Fracarolli Letícia, Rodrigues Gabriela B, Pereira Ana C, Massola Júnior Nelson S, Silva-Junior Geraldo José, Bachmann Luciano, Wainwright Mark, Bastos Jairo Kenupp, Braga Gilberto U L
Departamento de Análises Clínicas, Toxicológicas e Bromatológicas, Faculdade de Ciências Farmacêuticas de Ribeirão Preto, Universidade de São Paulo, Ribeirão Preto, Brazil.
Departamento de Ciências Farmacêuticas, Faculdade de Ciências Farmacêuticas de Ribeirão Preto, Universidade de São Paulo, Ribeirão Preto, Brazil.
J Photochem Photobiol B. 2016 Sep;162:402-411. doi: 10.1016/j.jphotobiol.2016.07.009. Epub 2016 Jul 9.

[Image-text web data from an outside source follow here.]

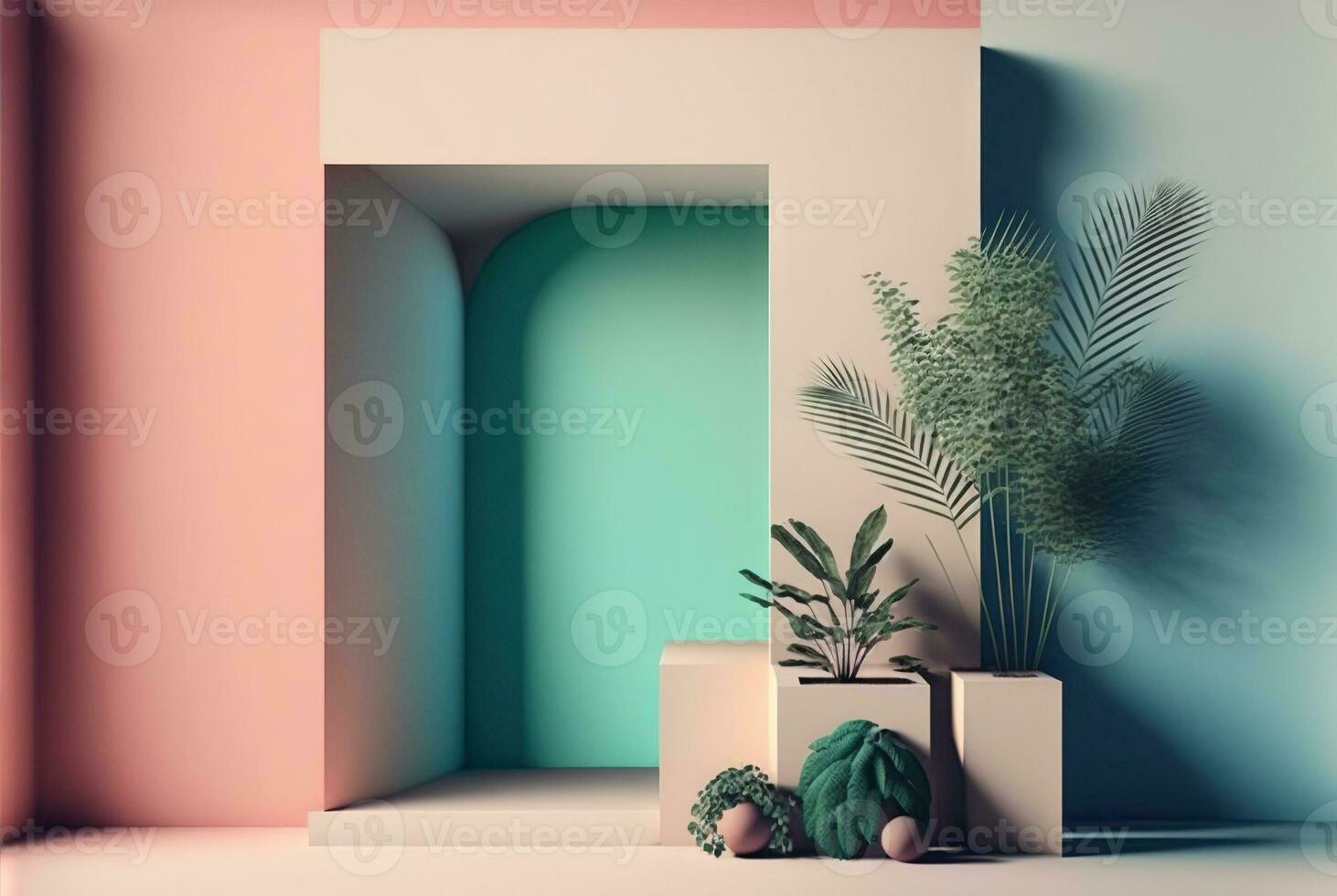 abstrakt färgrik interiör med växter och minimalistisk dekorationer. levande färgad arkitektonisk bakgrund. genererad ai. foto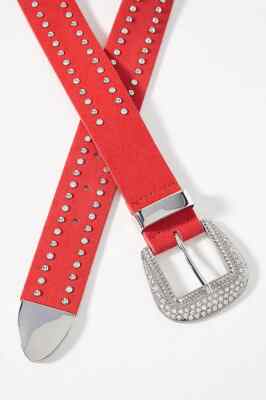 Anthropologie Rhinestone-Studded Western Belt Red Rogue Size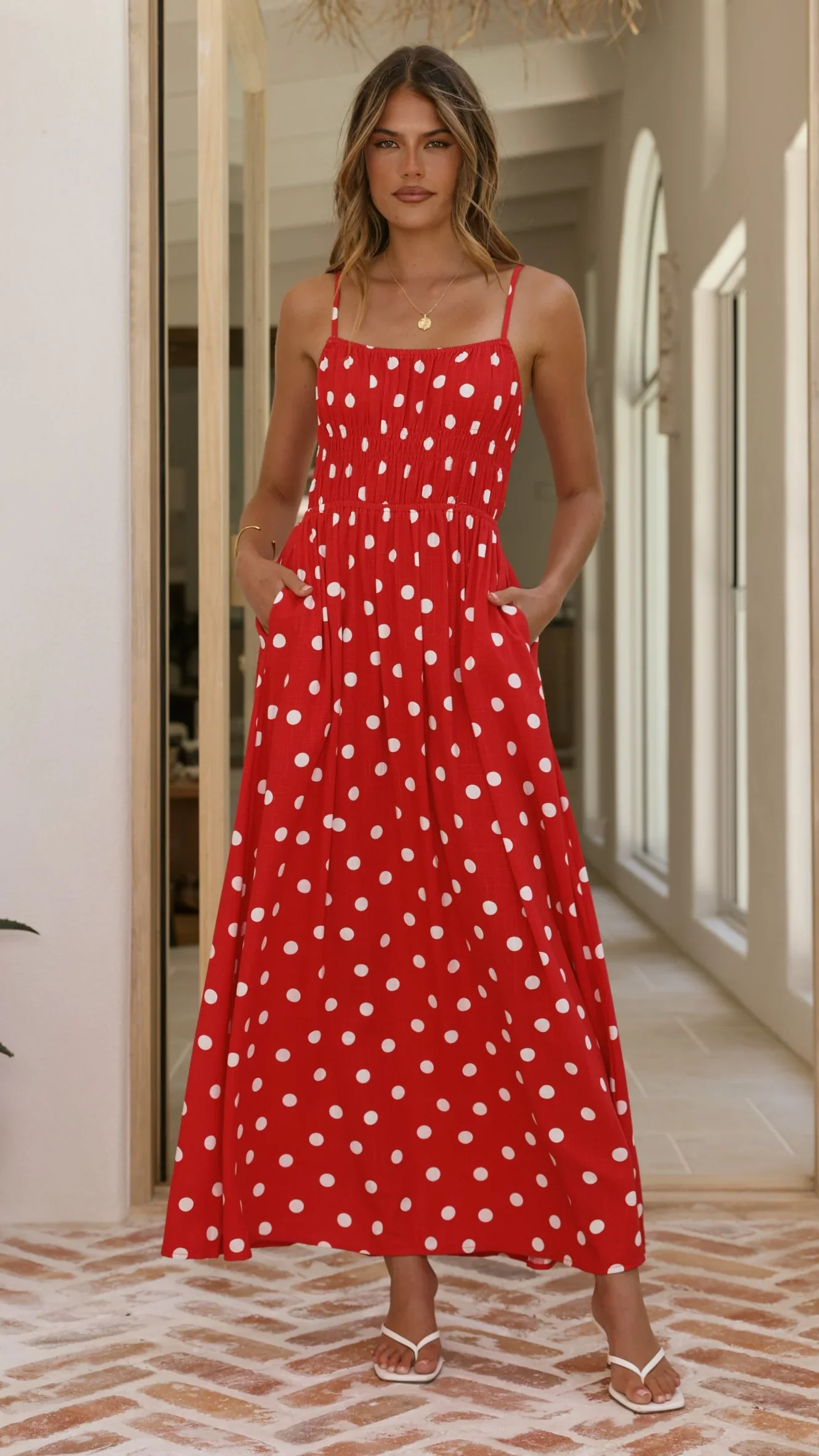 Solare Maxi Dress - Red/White Polka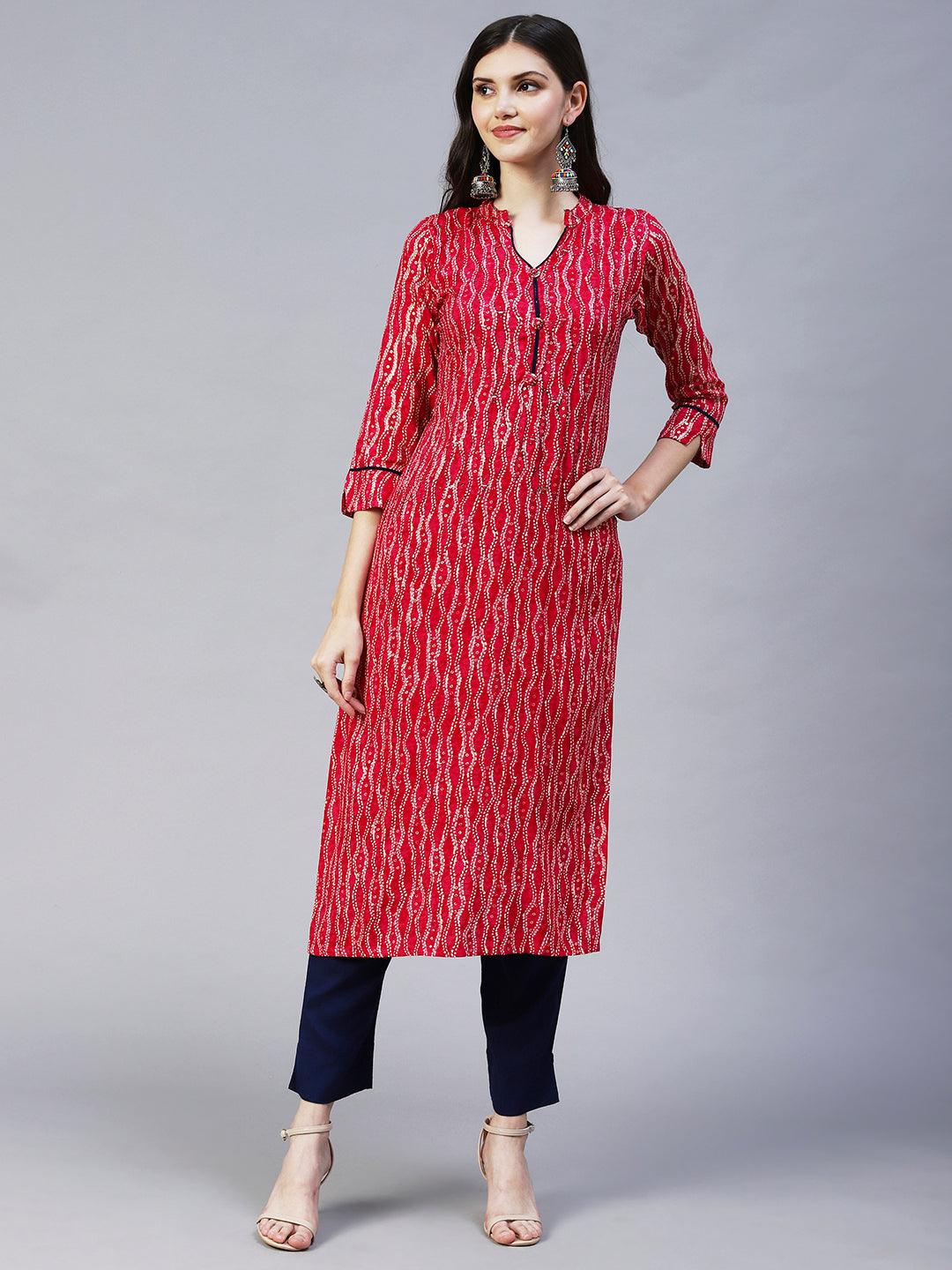 Ethnic Printed & Embroidered Straight Kurta - Magenta Pink - Indiakreations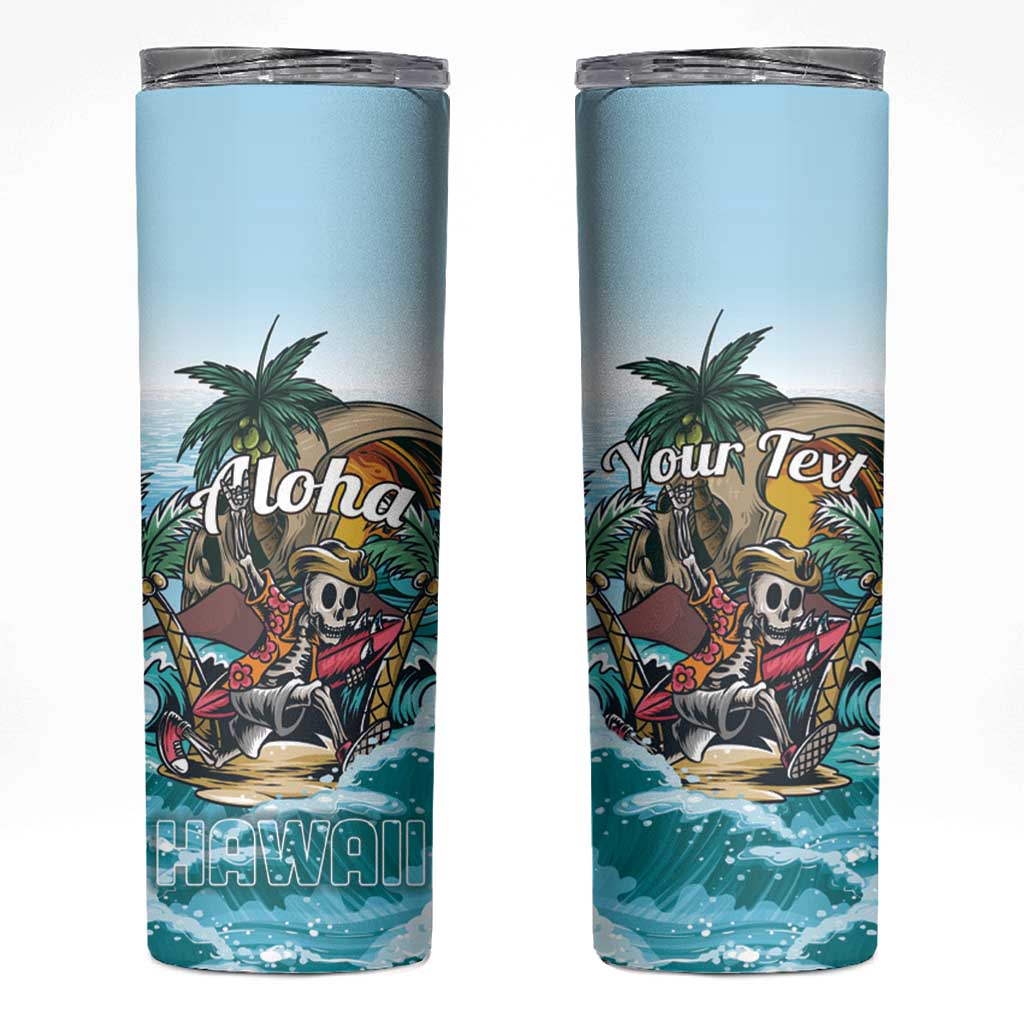 Personalized Aloha Hawaii Skeleton Skinny Tumbler Tropical Summer Vibe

The increasing tolerance to currently used fungicides and the need for environmentally friendly antimicrobial approaches have stimulated the development of novel strategies to control plant-pathogenic fungi such as antimicrobial phototreatment (APT). We investigated the in vitro APT of the plant-pathogenic fungus Colletotrichum acutatum with furocoumarins and coumarins and solar radiation. The compounds used were: furocoumarins 8-methoxypsoralen (8-MOP) and 5,8-dimethoxypsoralen (isopimpinellin), coumarins 2H-chromen-2-one (coumarin), 7-hydroxycoumarin, 5,7-dimethoxycoumarin (citropten) and a mixture (3:1) of 7-methoxycoumarin and 5,7-dimethoxycoumarin. APT of conidia with crude extracts from 'Tahiti' acid lime, red and white grapefruit were also performed. Pure compounds were tested at 50μM concentration and mixtures and extracts at 12.5mgL(-1). The C. acutatum conidia suspension with or without the compounds was exposed to solar radiation for 1h. In addition, the effects of APT on the leaves of the plant host Citrus sinensis were determined. APT with 8-MOP was the most effective treatment, killing 100% of the conidia followed by the mixture of two coumarins and isopimpinellin that killed 99% and 64% of the conidia, respectively. APT with the extracts killed from 20% to 70% of the conidia, and the extract from 'Tahiti' lime was the most effective. No damage to sweet orange leaves was observed after APT with any of the compounds or extracts.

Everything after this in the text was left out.